On apprit coup sur coup que l'Autriche déclarait la guerre à la Serbie; que la Russie mobilisait une partie de son armée; que l'Allemagne décrétait «l'état de menace de guerre»; que les Austro-Hongrois, sans tenir compte des négociations en cours, commençaient le bombardement de Belgrade; que Guillaume II, pour forcer le cours des événements et pour empêcher les négociations d'aboutir, faisait à son tour à la Russie une déclaration de guerre.

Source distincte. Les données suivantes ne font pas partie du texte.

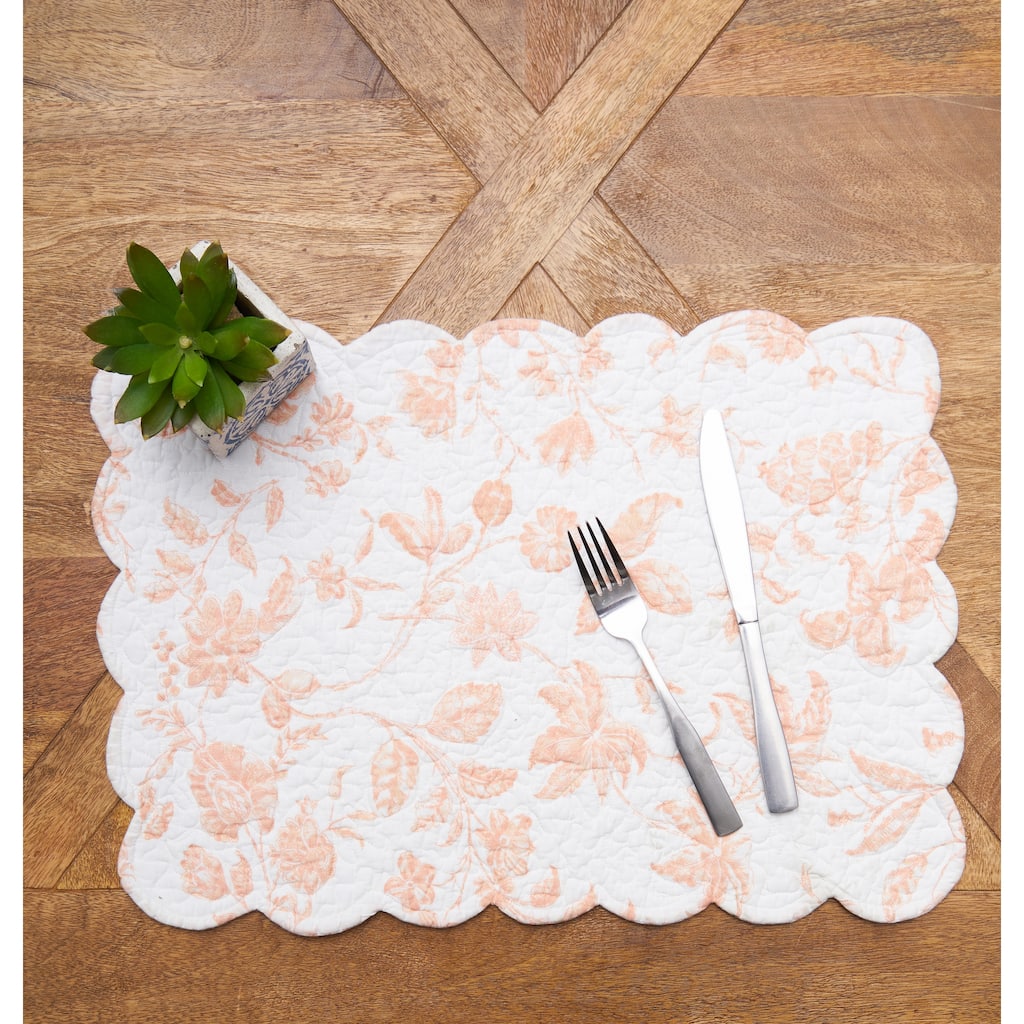 Brighton Cotton Quilted Oblong Placemat Set of 6
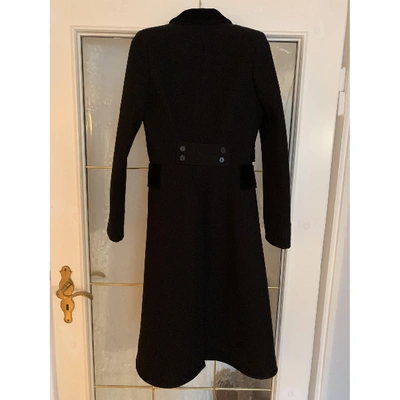 Pre-owned Alexander Mcqueen Black Wool Coat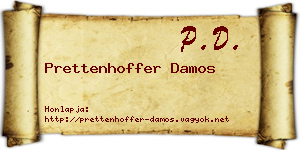 Prettenhoffer Damos névjegykártya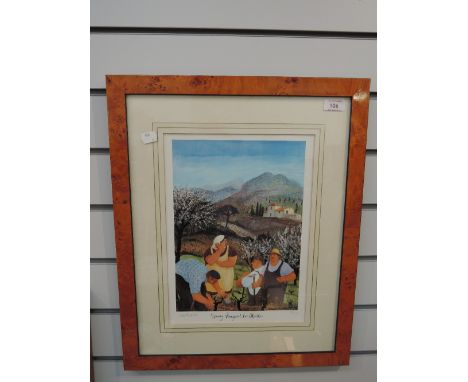 A limited edition print, Spring Vineyard, Les Alpilles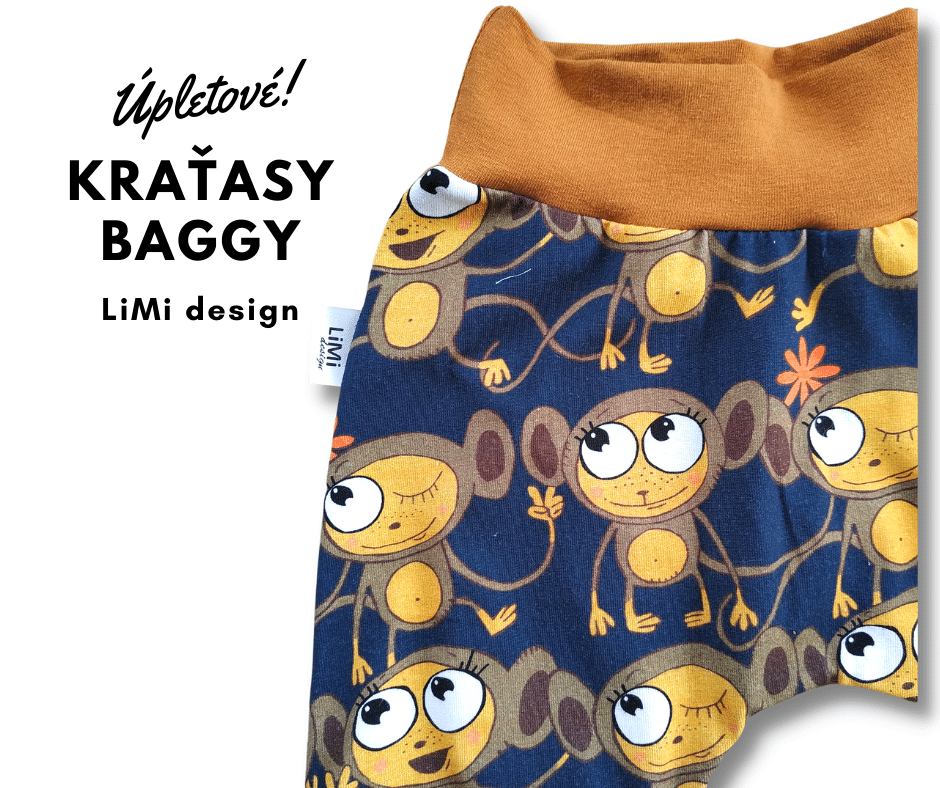 Úpletové KRAŤASY BAGGY, opičky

La France assistait à cette avalanche d'événements graves avec un recueillement sobre de paroles et de manifestations. Une résolution froide et solennelle animait tous les cœurs. Personne ne désirait la guerre, mais tout le monde l'acceptait avec le ferme propos d'accomplir son devoir. Pendant la journée, Paris se taisait, absorbé dans ses préoccupations. Seules quelques bandes de patriotes exaltés traversaient la place de la Concorde en acclamant la statue de Strasbourg. Dans les rues, les gens s'abordaient d'un air amical: il semblait qu'ils se connussent sans s'être jamais vus. Les yeux attiraient les yeux, les sourires se répondaient avec la sympathie d'une pensée commune. Les femmes étaient tristes; mais, pour dissimuler leur émotion, elles parlaient plus fort. Le soir, dans le long crépuscule d'été, les boulevards s'emplissaient de monde; les habitants des quartiers lointains affluaient vers le centre, comme aux jours des révolutions d'autrefois, et les groupes se réunissaient, formaient une foule immense d'où s'élevaient des cris et des chants. Ces multitudes se portaient jusqu'au cœur de Paris, où les lampes électriques venaient de s'allumer, et le défilé se prolongeait jusqu'à une heure avancée, avec le drapeau national flottant au-dessus des têtes parmi d'autres drapeaux qui lui faisaient escorte.
Dans une de ces nuits de sincère exaltation, les deux amis apprirent une nouvelle inattendue, incompréhensible, absurde: on venait d'assassiner Jaurès. Cette nouvelle, on la répétait dans les groupes avec un étonnement qui était plus grand encore que la douleur. «On a assassiné Jaurès? Et pourquoi?» Le bon sens populaire qui, par instinct, cherche une explication à tous les attentats, demeurait perplexe. Les hommes d'ordre redoutaient une révolution. Jules Desnoyers craignit un moment que les sinistres prédictions de son cousin Otto ne fussent sur le point de s'accomplir; cet assassinat allait provoquer des représailles et aboutirait à une guerre civile. Mais les masses populaires, quoique cruellement affligées de la mort de leur héros favori, gardaient un tragique silence. Il n'était personne qui, par delà ce cadavre, n'aperçût l'image auguste de la patrie.